# Covariance and Inequality – Correlation Between Random Variable and Its Probability Integral Transform

covarianceinequalitypit

Are there known bounds on the $$\operatorname{cor}(X,F(X))$$? $$X$$ is a random variable with CDF $$F(X)$$. Let $$X$$ have a fixed variance, for example $$\operatorname{var}(X)=1$$. What $$X$$ can maximize or minimize the covariance?

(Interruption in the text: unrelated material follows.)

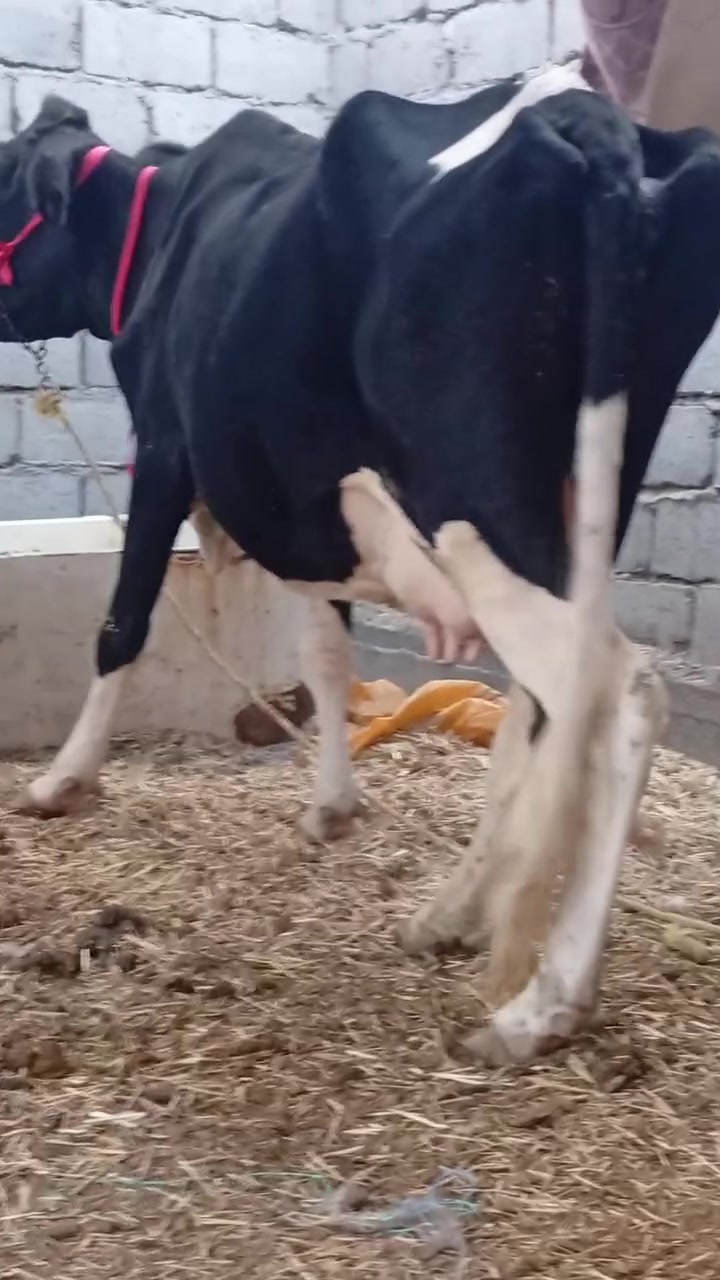 جمه عرموطه • اصلي • توصيل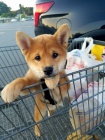 Prod�m �t��ata shiba inu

When $$X$$ has a uniform distribution on the interval $$[-\sqrt{3},\sqrt{3}]$$ it has unit variance and its distribution function on this interval is

$$F_X(x) = \frac{1}{2\sqrt{3}}(\sqrt{3}+x),$$

whence it has a density on this interval equal to

$$f_X(x) = F_X^\prime(x) = \frac{1}{2\sqrt{3}}$$

and zero everywhere else. Since $$E[X]=0,$$ the covariance is just the expected product

$$\operatorname{Cov}(X, F_X(X)) = E[XF_X(X)] = \int_{-\sqrt{3}}^{\sqrt{3}} x \frac{\sqrt{3}+x}{2\sqrt{3}}\,\frac{\mathrm{d}x}{2\sqrt{3}} = \frac{1}{2}.$$

Because $$X$$ is a continuous random variable, $$F_X(X)$$ has a uniform distribution on $$[0,1],$$ whence its variance is $$1/12.$$ The correlation therefore is

$$\operatorname{Cor}(X, F_X(X)) = \frac{\operatorname{Cov}(X, F_X(X))}{\sqrt{\operatorname{Var}(X)\operatorname{Var}(F_X(X))}} = 1.$$

Thus, this universal upper bound can be attained.

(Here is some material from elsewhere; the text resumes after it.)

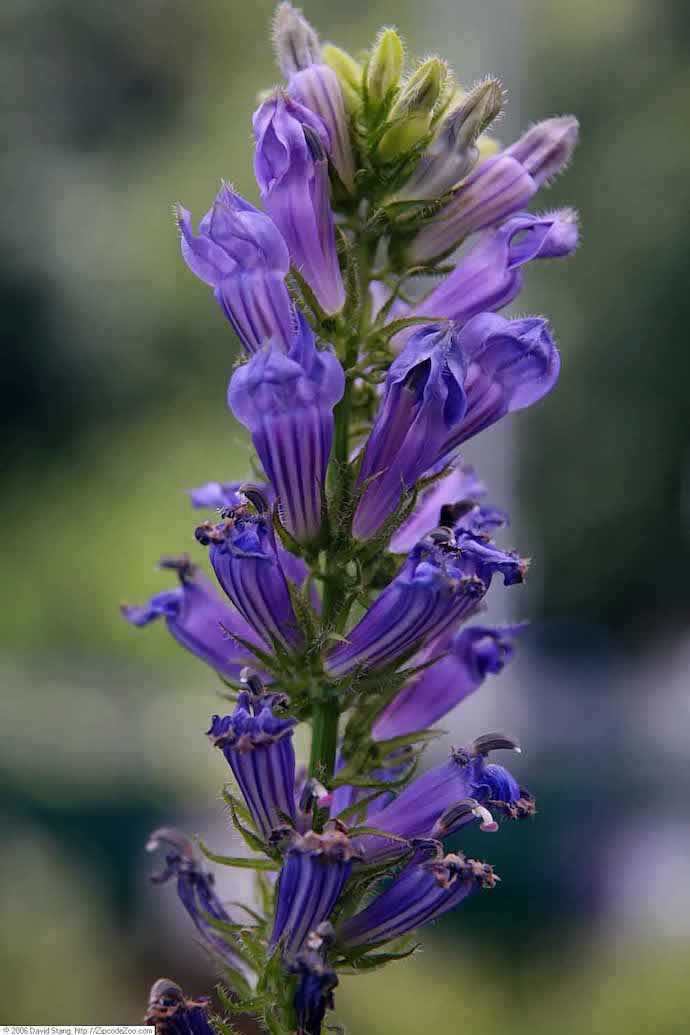 Virginia Wildflowers - Great Blue Lobelia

Let $$\epsilon$$ be a (tiny) positive number and consider now any continuous variable $$X$$ with support on $$[-1-\epsilon,-1]\cup[1,1+\epsilon].$$ Suppose $$\Pr(X \le 0) = 1-p$$ and (therefore) $$\Pr(X \gt 0) = p.$$ Let's compute the correlation by finding the relevant moments.

In the right hand plot, both variables have been standardized to unit variance: their correlation coefficient is the slope of the least squares line shown. Here, $$p=1/2.$$

Clearly $$F_X(x)=0$$ for $$x \lt -1-\epsilon,$$ rises continuously to a value of $$1-p$$ at $$x=-1,$$ is level at that value for $$-1\lt x \lt 1,$$ and then rises continuously to $$1$$ by the time $$x$$ reaches $$1+\epsilon.$$ Again, since $$X$$ is a continuous random variable, $$F_X(X)$$ is a uniform random variable on $$[0,1].$$ Also, since $$X$$ is closely approximated by a binary random variable $$Y$$ with $$\Pr(Y=1)=p$$ and $$\Pr(Y=-1)=-p,$$ their variances will be close and $$\operatorname{Var}(Y)=4p(1-p).$$

The covariance is a little trickier. Compute

$$\operatorname{Cov}(X, F_X(X)) = E[X(F_X-1/2)] = \int_{-1-\epsilon}^{-1} x (F_X(x)-1/2)f_X(x)\,\mathrm{d}x + \int_1^{1+\epsilon} x (F_X(x)-1/2)f_X(x)\,\mathrm{d}x.$$

Integrate these by parts by splitting the integrands into $$x$$ and all the rest. The result is $$p(1-p) + O(\epsilon).$$ Consequently

$$\operatorname{Cor}(X, F_X(X)) = \frac{p(1-p)/2 + O(\epsilon)} {\sqrt{4p(1-p)+O(\epsilon)}\sqrt{1/12}} = \sqrt{3p(1-p)/4} + O(\epsilon).$$

This can be made as close to $$0$$ as we might like by making $$p$$ close to either $$0$$ or $$1$$ and shrinking $$\epsilon.$$ Consequently, any lower bound on the correlation cannot be positive.

Most of the density of $$X$$ has been pushed up against $$\pm 1$$ by shrinking $$\epsilon.$$ Now $$p=1/200.$$ The correlation has reduced from $$0.87$$ in the first figure to $$0.13$$ here.

Finally, since $$F_X$$ is a non-decreasing function, the correlation of $$X$$ with $$F_X$$ cannot be negative. Coupled with the preceding observation we conclude

Universal bounds for the correlation of $$(X, F_X(X))$$ are $$0$$ and $$1.$$ These are the best possible.

In fact, $$0$$ cannot be attained. (The intuitively obvious case would be to take the limits as $$p\to 0$$ and $$\epsilon\to 0^+$$ in the second example, but this reduces $$X$$ to a constant, where the correlation is undefined.)